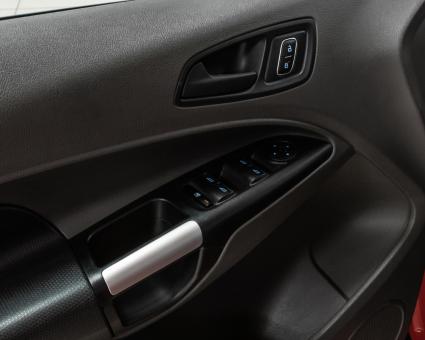 Ford Transit Connect 1.5d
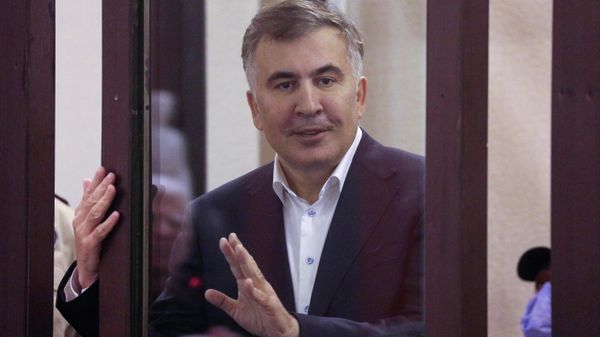 Mixail Saakaşvili - Sputnik Азербайджан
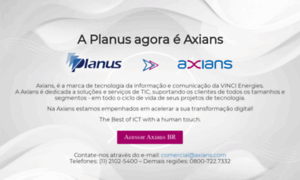Planus.com.br thumbnail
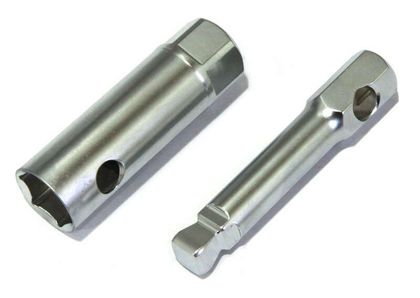 Douille Bihr bougie articulée 16mm Universel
————————
_TASK STATEMENT_
Excluding every picture, set down the listing exactly.

_ANSWER AREA_
 Ford Transit Connect 1.5d
 Mixail Saakaşvili - Sputnik Азербайджан
Planus.com.br thumbnail
 Douille Bihr bougie articulée 16mm Universel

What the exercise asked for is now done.